Source records:

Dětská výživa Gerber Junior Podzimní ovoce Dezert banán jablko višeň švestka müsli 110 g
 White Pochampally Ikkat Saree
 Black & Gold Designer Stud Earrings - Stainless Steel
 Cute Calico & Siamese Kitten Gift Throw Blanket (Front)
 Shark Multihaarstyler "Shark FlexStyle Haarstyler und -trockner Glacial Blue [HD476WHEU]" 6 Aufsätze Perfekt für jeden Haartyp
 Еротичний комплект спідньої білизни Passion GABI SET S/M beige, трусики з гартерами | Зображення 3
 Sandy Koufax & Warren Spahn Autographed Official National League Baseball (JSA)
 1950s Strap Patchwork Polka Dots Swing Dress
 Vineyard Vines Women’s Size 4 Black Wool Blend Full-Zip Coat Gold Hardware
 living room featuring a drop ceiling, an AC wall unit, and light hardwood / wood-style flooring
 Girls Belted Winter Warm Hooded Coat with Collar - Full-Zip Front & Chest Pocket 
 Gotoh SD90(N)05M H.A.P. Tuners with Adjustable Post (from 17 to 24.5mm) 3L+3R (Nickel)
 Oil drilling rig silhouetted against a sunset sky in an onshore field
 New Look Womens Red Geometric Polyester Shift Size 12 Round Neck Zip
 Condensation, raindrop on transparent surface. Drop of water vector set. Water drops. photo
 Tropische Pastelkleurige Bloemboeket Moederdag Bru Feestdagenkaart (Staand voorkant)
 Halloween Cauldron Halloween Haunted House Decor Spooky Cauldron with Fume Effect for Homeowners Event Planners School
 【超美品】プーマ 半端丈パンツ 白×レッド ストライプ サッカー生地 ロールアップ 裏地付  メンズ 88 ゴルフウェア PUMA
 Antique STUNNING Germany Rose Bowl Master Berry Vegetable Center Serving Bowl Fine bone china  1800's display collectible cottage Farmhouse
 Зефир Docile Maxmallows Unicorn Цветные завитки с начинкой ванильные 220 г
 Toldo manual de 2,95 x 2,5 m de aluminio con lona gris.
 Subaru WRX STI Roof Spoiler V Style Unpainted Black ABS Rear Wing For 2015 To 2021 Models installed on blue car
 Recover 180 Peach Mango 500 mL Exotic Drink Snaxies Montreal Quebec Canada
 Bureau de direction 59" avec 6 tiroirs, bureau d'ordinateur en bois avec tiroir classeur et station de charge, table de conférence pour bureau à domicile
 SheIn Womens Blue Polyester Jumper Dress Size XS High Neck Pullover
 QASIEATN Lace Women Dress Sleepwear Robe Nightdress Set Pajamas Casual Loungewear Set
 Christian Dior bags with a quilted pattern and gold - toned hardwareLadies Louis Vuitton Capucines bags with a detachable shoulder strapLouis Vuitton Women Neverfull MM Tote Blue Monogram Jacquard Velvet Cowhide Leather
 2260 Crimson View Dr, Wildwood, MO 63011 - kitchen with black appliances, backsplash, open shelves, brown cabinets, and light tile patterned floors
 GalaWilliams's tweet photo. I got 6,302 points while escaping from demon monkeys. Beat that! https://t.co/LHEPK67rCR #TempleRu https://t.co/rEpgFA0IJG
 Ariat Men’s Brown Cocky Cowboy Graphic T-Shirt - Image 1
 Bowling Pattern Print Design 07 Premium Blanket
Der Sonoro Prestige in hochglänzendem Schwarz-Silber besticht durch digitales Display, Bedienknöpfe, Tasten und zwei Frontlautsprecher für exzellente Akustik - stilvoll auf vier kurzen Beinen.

What the task requires: As listed above, the lines from the line with "Girls Belted Winter" to the line with "88 ゴルフウェア PUMA" are to be echoed exactly, with both ends included and nothing added.

Solution:
 Girls Belted Winter Warm Hooded Coat with Collar - Full-Zip Front & Chest Pocket 
 Gotoh SD90(N)05M H.A.P. Tuners with Adjustable Post (from 17 to 24.5mm) 3L+3R (Nickel)
 Oil drilling rig silhouetted against a sunset sky in an onshore field
 New Look Womens Red Geometric Polyester Shift Size 12 Round Neck Zip
 Condensation, raindrop on transparent surface. Drop of water vector set. Water drops. photo
 Tropische Pastelkleurige Bloemboeket Moederdag Bru Feestdagenkaart (Staand voorkant)
 Halloween Cauldron Halloween Haunted House Decor Spooky Cauldron with Fume Effect for Homeowners Event Planners School
 【超美品】プーマ 半端丈パンツ 白×レッド ストライプ サッカー生地 ロールアップ 裏地付  メンズ 88 ゴルフウェア PUMA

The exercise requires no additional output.